▸ **What you should do**
Only one stretch of the records below should be repeated. It starts with the line containing "Toyota 2000 GT Red" and goes on through the line containing "Download Canva Ebook/workbook", exactly as written.

[Dataset records]
----
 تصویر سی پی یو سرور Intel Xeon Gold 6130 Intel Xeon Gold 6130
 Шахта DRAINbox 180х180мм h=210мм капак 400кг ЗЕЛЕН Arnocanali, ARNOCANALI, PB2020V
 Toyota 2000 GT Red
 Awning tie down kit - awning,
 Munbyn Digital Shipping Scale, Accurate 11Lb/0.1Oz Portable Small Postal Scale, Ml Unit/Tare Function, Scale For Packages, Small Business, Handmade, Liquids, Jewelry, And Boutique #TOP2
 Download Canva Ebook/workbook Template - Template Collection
----
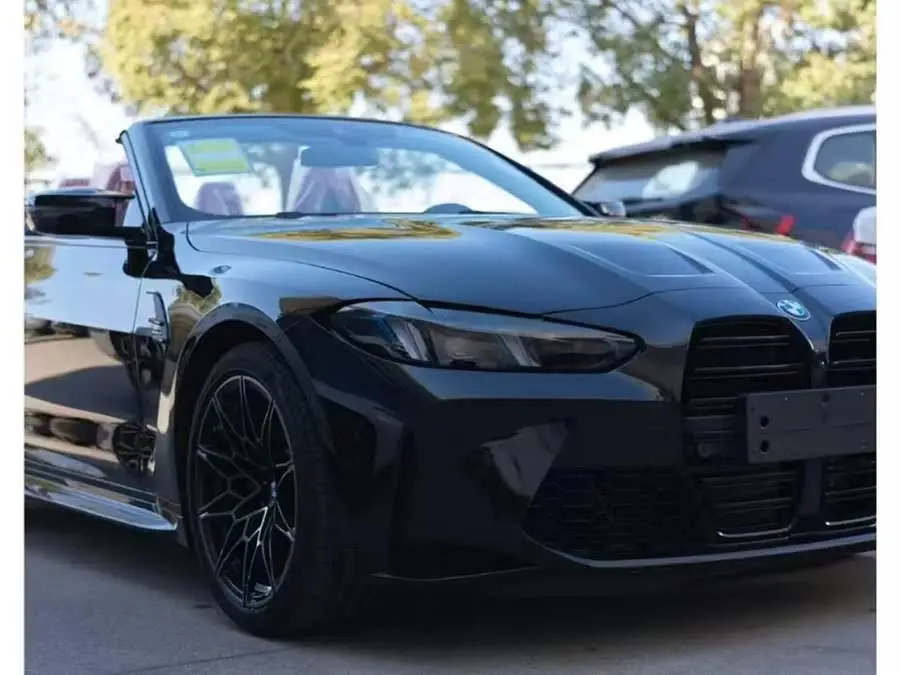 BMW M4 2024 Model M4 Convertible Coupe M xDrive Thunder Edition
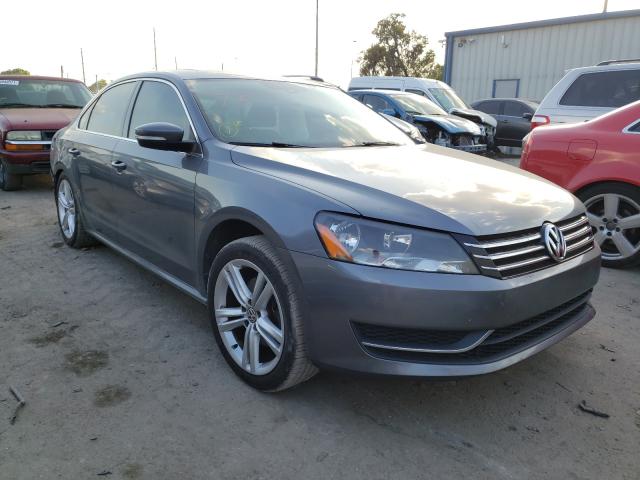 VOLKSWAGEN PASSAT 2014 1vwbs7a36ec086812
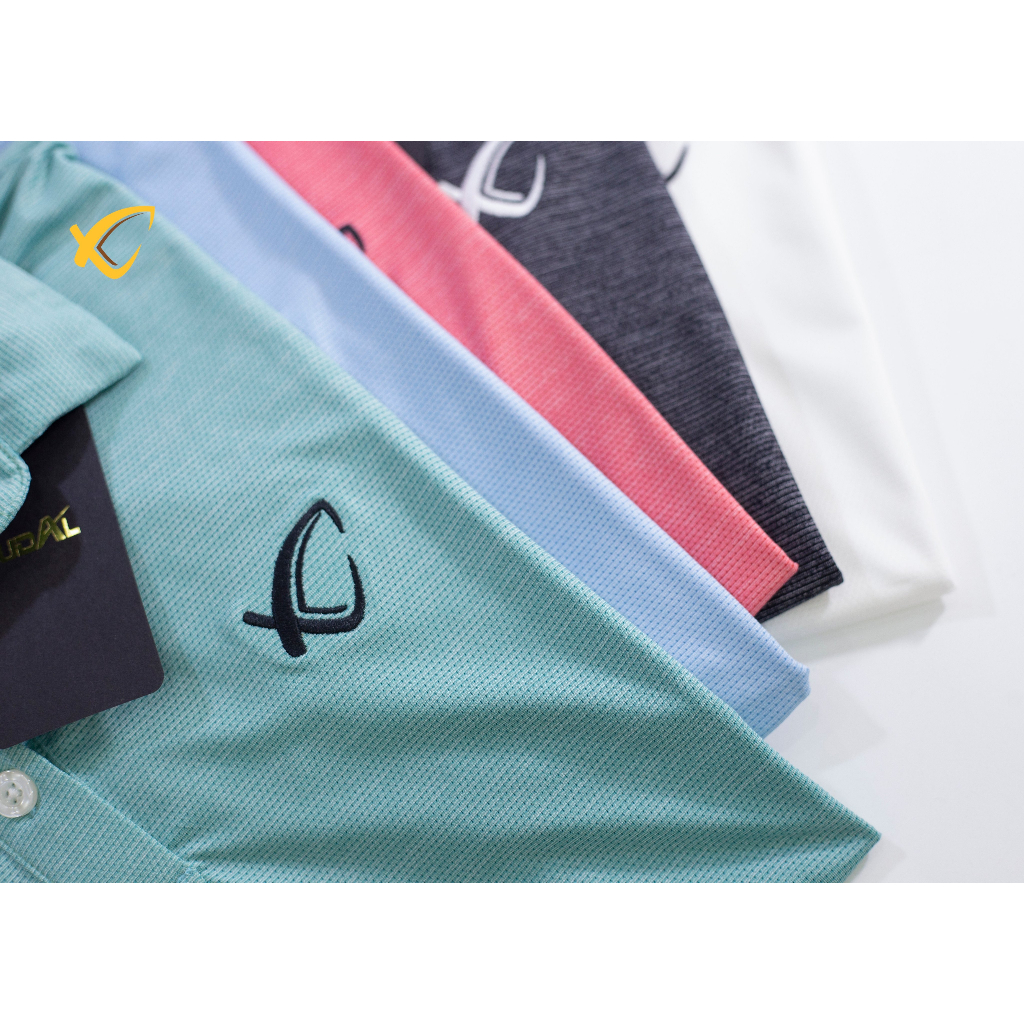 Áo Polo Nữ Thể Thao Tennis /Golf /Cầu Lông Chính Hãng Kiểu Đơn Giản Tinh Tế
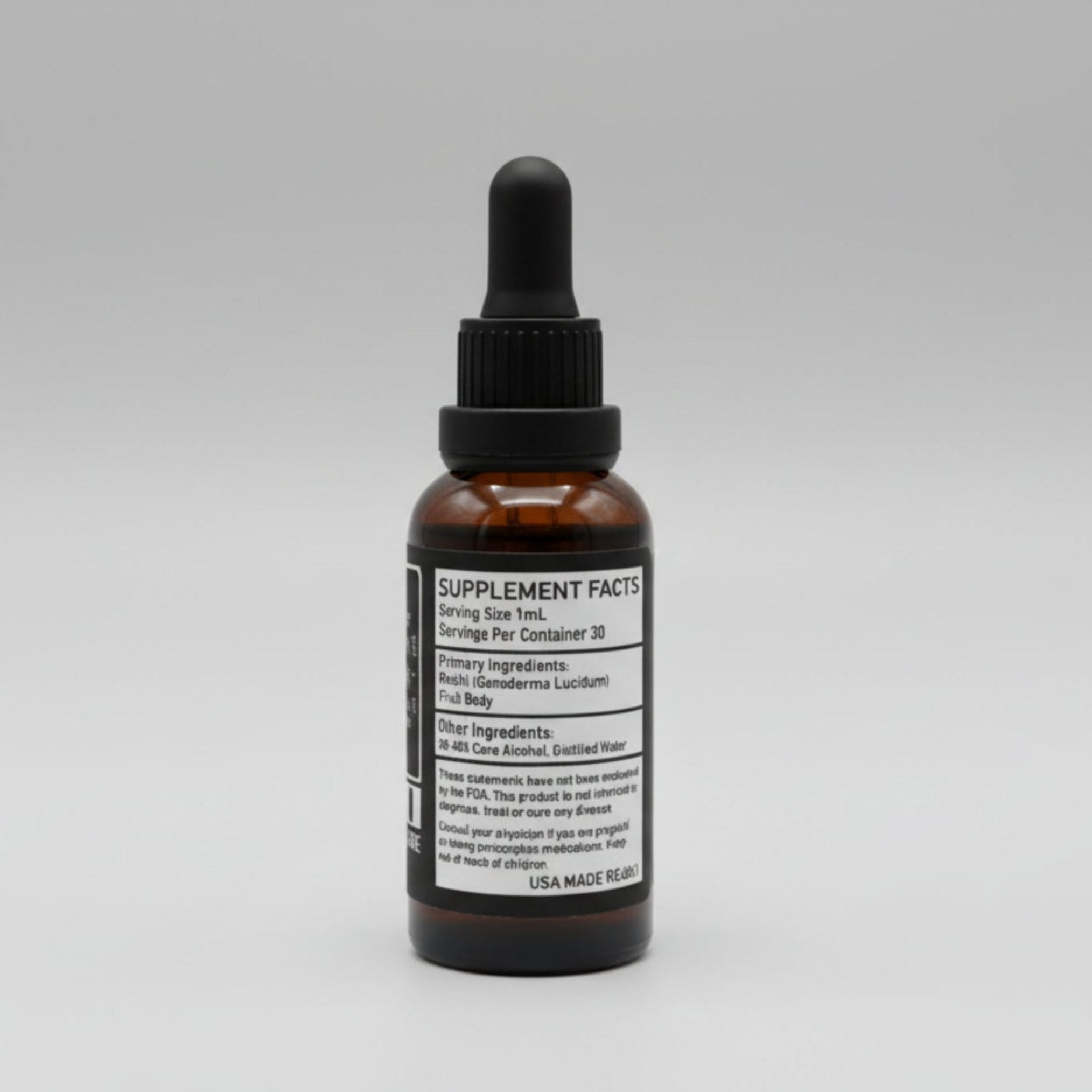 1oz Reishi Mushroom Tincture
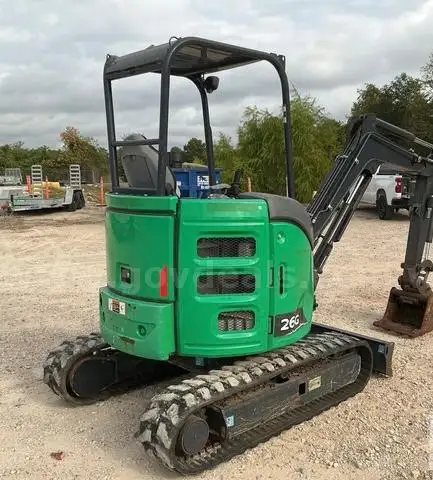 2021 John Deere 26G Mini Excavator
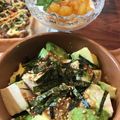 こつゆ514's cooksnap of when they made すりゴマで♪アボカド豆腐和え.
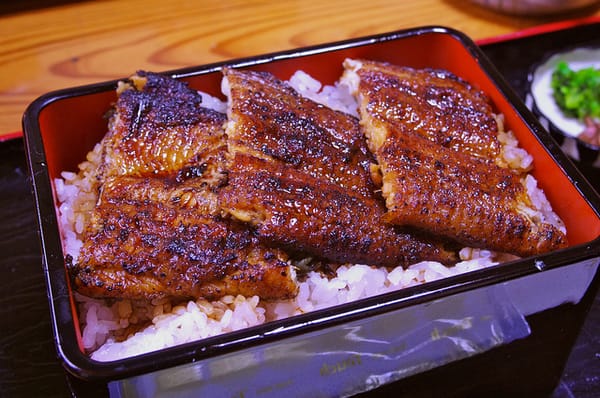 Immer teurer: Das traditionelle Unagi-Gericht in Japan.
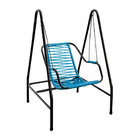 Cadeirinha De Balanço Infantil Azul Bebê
----
▸ **Response**
 Toyota 2000 GT Red
 Awning tie down kit - awning,
 Munbyn Digital Shipping Scale, Accurate 11Lb/0.1Oz Portable Small Postal Scale, Ml Unit/Tare Function, Scale For Packages, Small Business, Handmade, Liquids, Jewelry, And Boutique #TOP2
 Download Canva Ebook/workbook Template - Template Collection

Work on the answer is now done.